Unten erstehn die Toten. In wunderlichen Stellungen kriechen sie aus der Erde, und sehn das Gericht; viele erschrecken, andre sind noch Gerippe, einige gestaltet, aber noch betäubt. Der alte Fährmann Charon ist unter ihnen, und treibt manche in seinen Kahn, der gräuliche Minos vollzieht das Urteil. Man werfe nicht ein, daß hier Mythologie der Griechen mit christlicher Lehre vermischt sei, denn diese Bilder sind echt katholisch, und dürfen die Wirkung des Ganzen nicht stören; Michael Angelo ist es nicht allein, der die ehemaligen Götter der griechischen Nation einführt, manche Gedichte und Traditionen tun es auch, sie treten aber hier als Teufel auf, und der Sinn ist, daß die Gestalten, die die abgöttischen Heiden verehrten, böse, verdammte Geister waren, die sich verstellten, und so lange auf ihren Thronen herrschten, bis Christus ihr Reich zertrümmerte.
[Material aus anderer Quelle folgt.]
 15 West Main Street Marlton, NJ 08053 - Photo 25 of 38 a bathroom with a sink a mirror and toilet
Nun kommen sie im jüngsten Gerichte wieder, noch kenntlich, aber doch in einer andern furchtbaren, ihrer wahren Gestalt.

So ist mir dieses große Gemälde immer erschienen. Man sage nicht, daß der Maler die Stellungen gewählt, um seine Kenntnis des menschlichen Körpers, seine Gelehrsamkeit in den Muskeln zu zeigen, sondern alles muß drängen und streben, die höchste Kraft auszudrücken, Entsetzen, Furcht, Verzweiflung, Angst und Hoffnung beseelen jedwede Gestalt, jegliches Glied, selbst die Ruhe und das hohe Bewußtsein der Heiligen und Patriarchen ist Anstrengung und Kampf.
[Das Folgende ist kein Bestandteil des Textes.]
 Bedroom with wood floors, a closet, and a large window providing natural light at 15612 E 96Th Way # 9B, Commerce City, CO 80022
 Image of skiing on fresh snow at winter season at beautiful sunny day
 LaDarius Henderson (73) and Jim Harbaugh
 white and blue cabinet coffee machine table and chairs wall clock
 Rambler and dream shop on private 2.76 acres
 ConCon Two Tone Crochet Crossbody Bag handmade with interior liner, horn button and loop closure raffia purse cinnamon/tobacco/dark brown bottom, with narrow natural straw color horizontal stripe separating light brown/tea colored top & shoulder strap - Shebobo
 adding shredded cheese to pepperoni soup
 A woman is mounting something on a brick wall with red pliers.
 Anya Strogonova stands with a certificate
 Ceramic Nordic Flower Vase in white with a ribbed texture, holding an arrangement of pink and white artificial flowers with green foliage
Es ist süß, die Herrlichkeit der Religion labend aus den Händen des menschenfreundlichen Sanzius zu empfangen, seine Passion zu sehn, in der die Größe sich so lieblich spiegelt: – aber hier, vor Angelos gewaltigem Mauergemälde bebt Liebe und Hoffnung zurück, das Ende der Zeiten ist da, alle heiligen Geschichten, die frühen Zeiten derselben sind nur Einleitung und Vorbereitung zu diesem Augenblick, nach seiner Verfließung kann die Phantasie nichts ersinnen und erfinden, die sterbende Zeit regt sich mit allen Muskeln im fürchterlichen Kampfe, die Religion spricht das erste, unwiderrufliche Urteil. –

Ich habe mit diesen Worten den gewaltigen Buonarroti nur gegen einige Unbilligkeiten rechtfertigen wollen, indem man diese hohen Gestalten zu oft wie irgendeine andre Historie beurteilt; wenn ich irrte, so irrte ich doch aus bessern Willen, als diejenigen kältern Menschen tun, die zu gern das Erhabene schmälern, um einen andern Liebling desto ruhiger Recht widerfahren zu lassen; oder wir irrten vielmehr aus gleichen Gründen, aus verzeihlicher Vorliebe, und Gott und die Kunst mag uns verzeihen.